Duke forward Cooper Flagg reacts during the first half of an NCAA Tournament Sweet 16 game on Thursday in Newark, N.J. Credit: AP/Frank Franklin II
NEWARK — While every team begins the college basketball season wanting to win a national championship, there are others who go into it surrounded by expectations it will.
Duke and Alabama both had that this season. And with the teams pitted against one another in Saturday night’s East Region championship game at Prudential Center, the pressure to meet the expectation has reached a height neither has experienced yet.
“It's the hardest game to win because you're balancing two things,” Duke coach Jon Scheyer said of playing in the Elite Eight. “One, each team has great momentum going into this game . . . each team has won three games in a row. And then, obviously, you're an inch away from the promised land, going to a Final Four. With that at stake, it brings out really high-level basketball, desperation and the competitive level, [because] you're that close.”
Each program’s expectations come from different places.
Duke is steeped in a championship tradition with 17 Final Four appearances and five national titles. Scheyer lived it as part of the 2010 championship team.
But in three seasons since taking over for Hall of Fame coach Mike Krzyzewski, the deepest he’s guided a team is to last season’s Elite Eight.
“It's heartbreaking when you lose and it's the best feeling when you win — that’s what you work for,” Scheyer said. “That's why you recruit. That's why you build a team. All the time, energy and all that goes into those moments.”
And he’s built quite a team with three freshmen expected to be among the first 10 picks in the 2025 NBA Draft, including star Cooper Flagg, the consensus No. 1 selection.
Alabama’s expectations are mostly rooted in the climb it’s made in six seasons under coach Nate Oats, including reaching the Final Four last season only to fall in the semifinals to eventual champion Connecticut.
“I don't think we'd want it any other way: If you're at a program with no expectations and you've been there six years, it means you haven't been doing your job,” Oats said. “Whatever you call it, pressure [or] whatever you want, the expectation is you win. That's what we expect around here now.”
Many in the Blue Devils’ rotation — freshmen Flagg, Kon Knueppel and Khaman Maluach — weren’t on the team last season. They may feel the pressure spun off that disappointment. But they also have a different one.
The trio has been part of a team that’s rolled to a 35-3 record and is heralded for how well they work together. This is their one and only chance at a national championship, an opportunity the group doesn't take for granted.
“Every game could be our last, so I think it’s . . . cherishing these moments together, knowing that every game could be our last one together,” Flagg said. “So [we’re] just playing for each other and having that connectivity. It’s kind of what's got us to these moments all year long.”
“That comes [to] our mind, too, knowing that this could be the last game so that we attack it harder now,” Maluach said. “Go in with the mentality to win and be prepared.”

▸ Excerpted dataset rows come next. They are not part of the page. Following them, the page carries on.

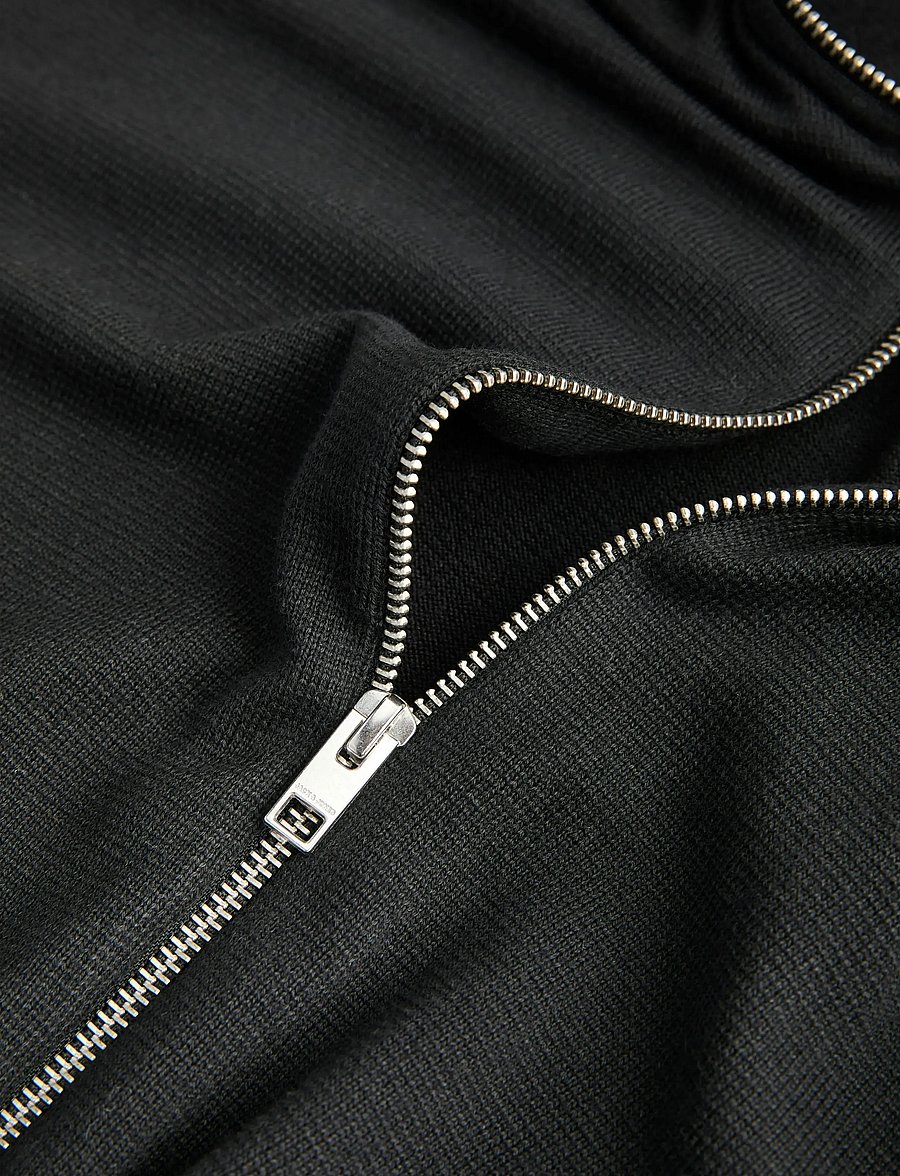 Jack & Jones - JJCOLE KNIT ZIP CARDIGAN - pullover mit durchgehendem reißverschluss - black - 2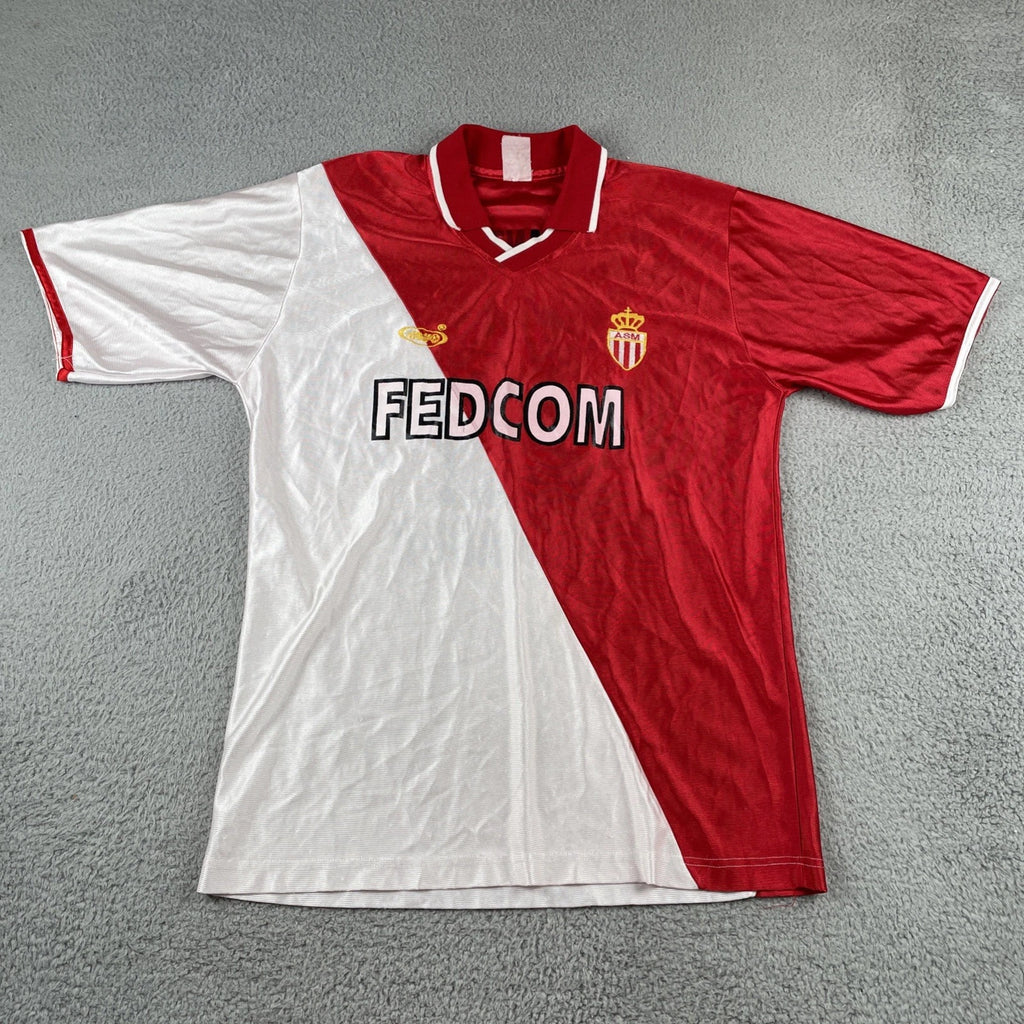 Vintage F.C. Estanzuelas Futbol Club El Salvador Jersey #11 2XL ASM Fedcom Red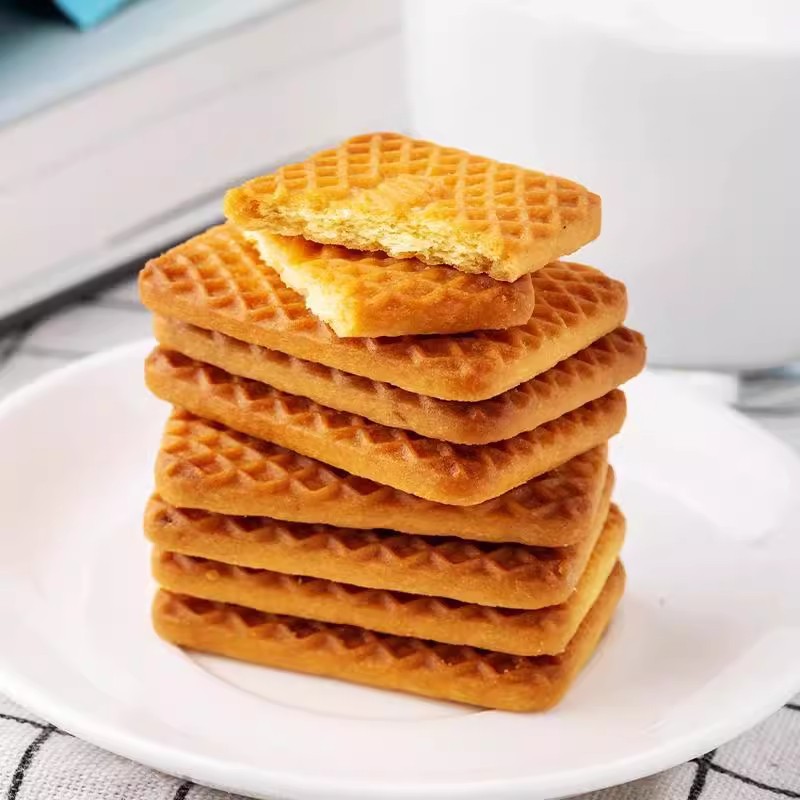 木糖醇牛乳饼干老式牛奶酥营养早餐休闲独立包装整箱零食散装批发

Each team has more than one thing it will need to combat. Top of mind for Duke is Alabama’s three-point shooting. The Crimson Tide (28-8) went 25-for-51 on three-point in dispatching BYU on Thursday night. And while Duke is ranked fourth in defensive efficiency and holds opponents to 30% shooting from beyond the arc, there is far more to ’Bama than just outside shooting.
“I'll say this: If you want to take the three away from us, you can take the three away from us,” Oats said. “I'm going to say it's harder to hold Cooper under his averages because there's a way to take the three away from us. . . . [but] if you want to completely run us off the line, we'll try to go score 70 or 75 points in the paint.

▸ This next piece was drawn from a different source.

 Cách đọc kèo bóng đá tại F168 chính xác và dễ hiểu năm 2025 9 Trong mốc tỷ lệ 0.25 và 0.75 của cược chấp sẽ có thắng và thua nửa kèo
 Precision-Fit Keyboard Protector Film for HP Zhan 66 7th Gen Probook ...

The Crimson Tide will want to stifle Flagg’s scoring and playmaking, but they know that Duke has plenty more weaponry with a roster of players who will go on to the NBA (five are regulars on mock draft boards).
“You're not going to hold him down to 10 points — that’s just not happening,” Oats said of Flagg. “What you can't have is him scoring 25 and getting eight, nine, 10 assists and [drawing] all these fouls. You're going to have to decide what you want to do and [with] some of their guys, you'd better not help very far off because they can really shoot it.”